In transgenic mouse models of polyarthritis, the Quad-X showed significant efficacy compared to Humira, with improved arthritis and histopathology scores. Ubah highlighted how the binding of the Quad-X to hidden epitopes may lead to reduced adverse events associated with traditional anti-TNF therapies. He also discussed the bifunctional therapy approach, where the soloMER drug conjugate (SDC) combines anti-TNF properties with a small molecule JAK inhibitor, aiming to minimise systemic exposure and enhance therapeutic efficacy.

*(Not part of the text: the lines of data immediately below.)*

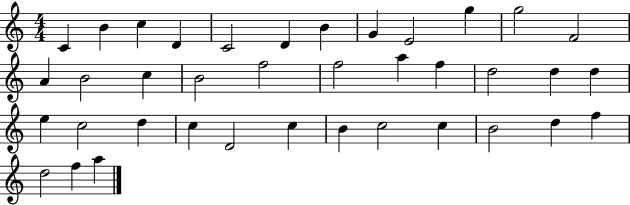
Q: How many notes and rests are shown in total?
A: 38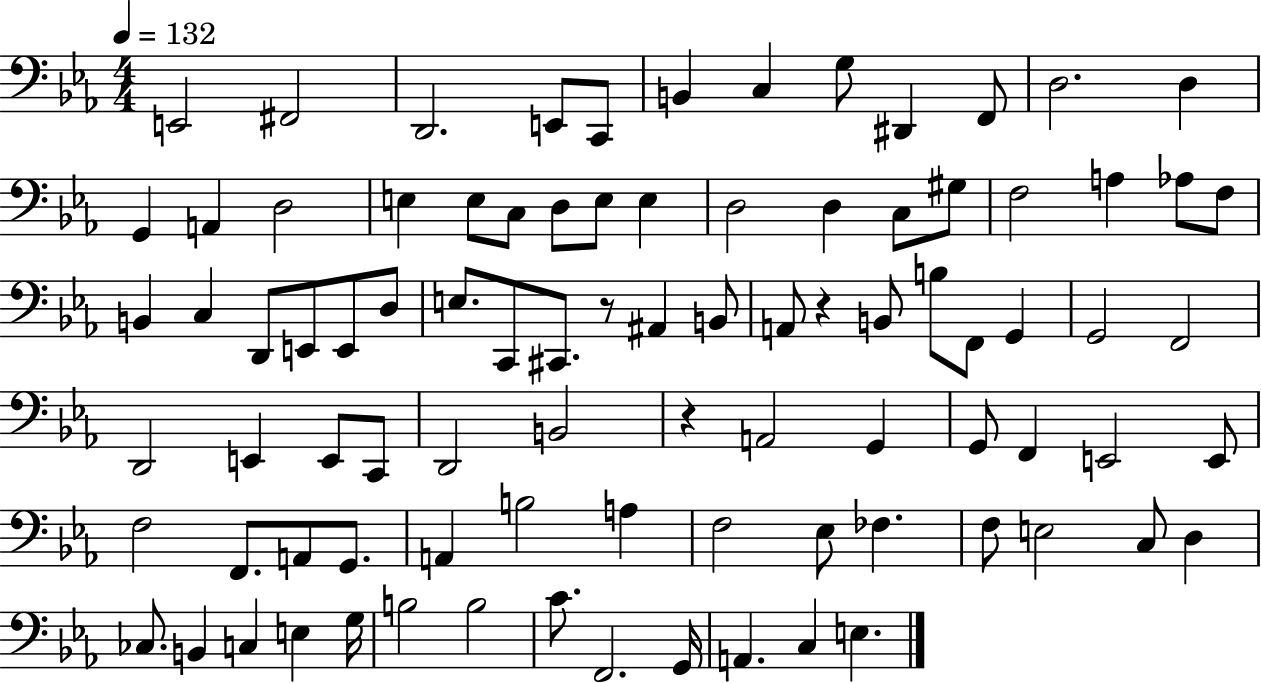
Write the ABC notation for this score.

X:1
T:Untitled
M:4/4
L:1/4
K:Eb
E,,2 ^F,,2 D,,2 E,,/2 C,,/2 B,, C, G,/2 ^D,, F,,/2 D,2 D, G,, A,, D,2 E, E,/2 C,/2 D,/2 E,/2 E, D,2 D, C,/2 ^G,/2 F,2 A, _A,/2 F,/2 B,, C, D,,/2 E,,/2 E,,/2 D,/2 E,/2 C,,/2 ^C,,/2 z/2 ^A,, B,,/2 A,,/2 z B,,/2 B,/2 F,,/2 G,, G,,2 F,,2 D,,2 E,, E,,/2 C,,/2 D,,2 B,,2 z A,,2 G,, G,,/2 F,, E,,2 E,,/2 F,2 F,,/2 A,,/2 G,,/2 A,, B,2 A, F,2 _E,/2 _F, F,/2 E,2 C,/2 D, _C,/2 B,, C, E, G,/4 B,2 B,2 C/2 F,,2 G,,/4 A,, C, E,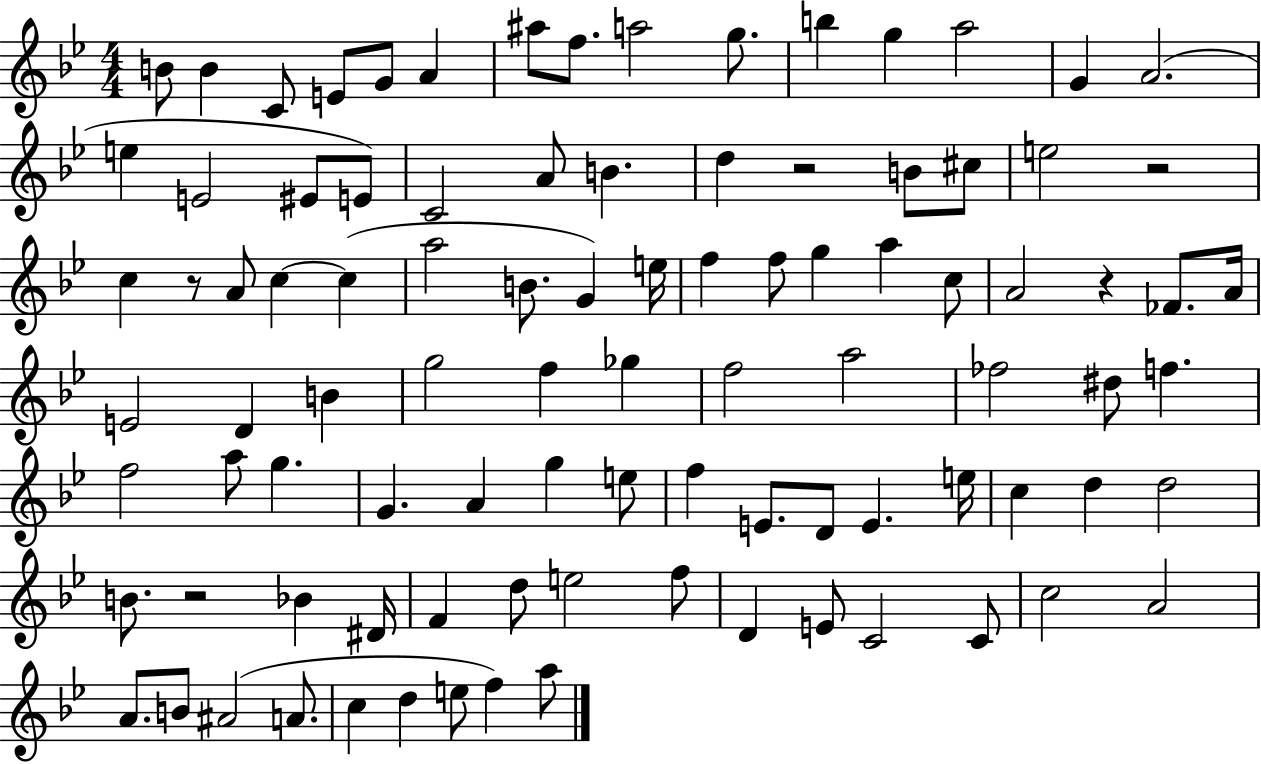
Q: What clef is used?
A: treble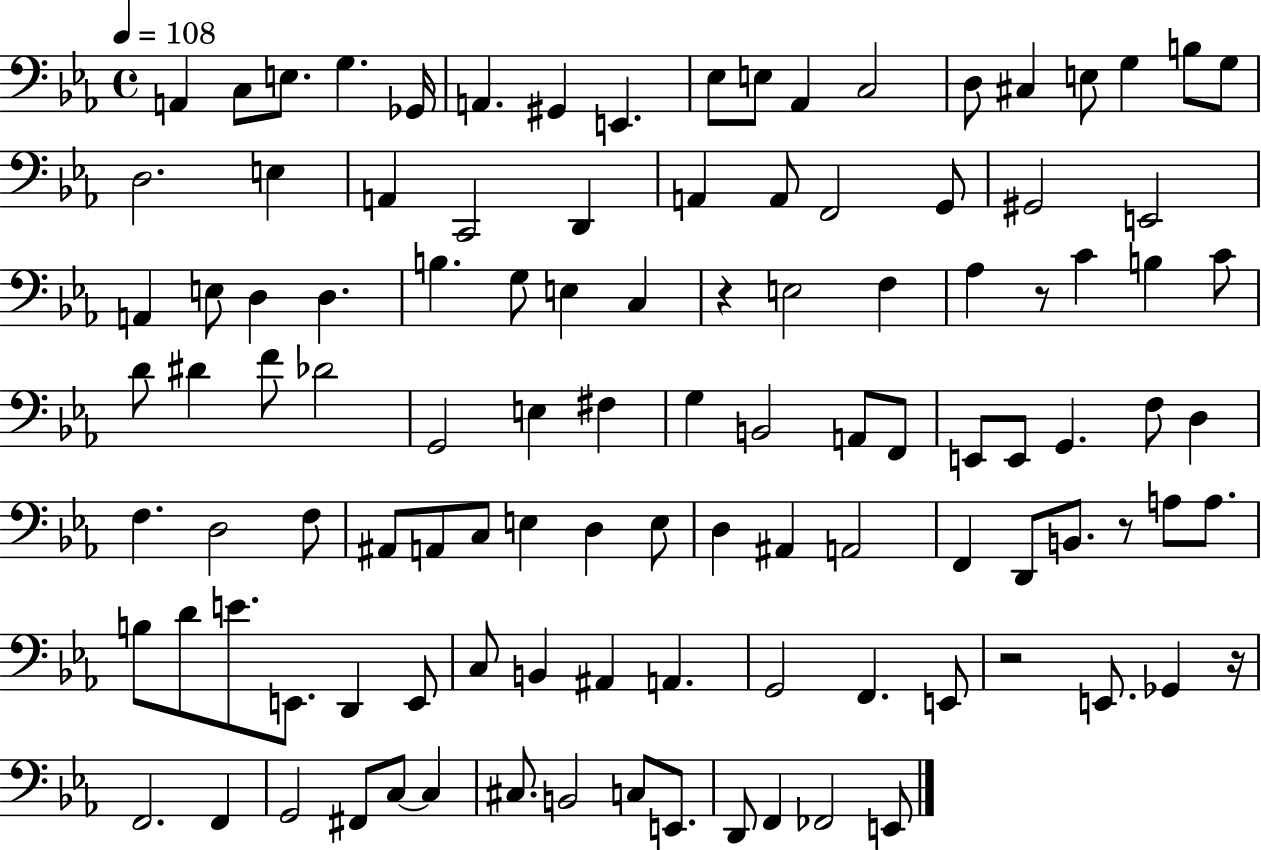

The presentation included results from in vivo studies, indicating that the dual-action therapy effectively targeted inflammation, leading to improved cytokine control in chronic models. Ubah emphasised the need for further investigation into the soloMER technology's applications in treating immune-mediated inflammatory diseases and the potential to address unmet medical needs.
Throughout the talk, Ubah provided insights into the development process, preclinical efficacy studies, and the differentiation of the soloMER technology from existing therapies. He concluded by stressing the importance of continued research and development to fully realise the potential of this innovative approach in treating autoimmune inflammatory diseases.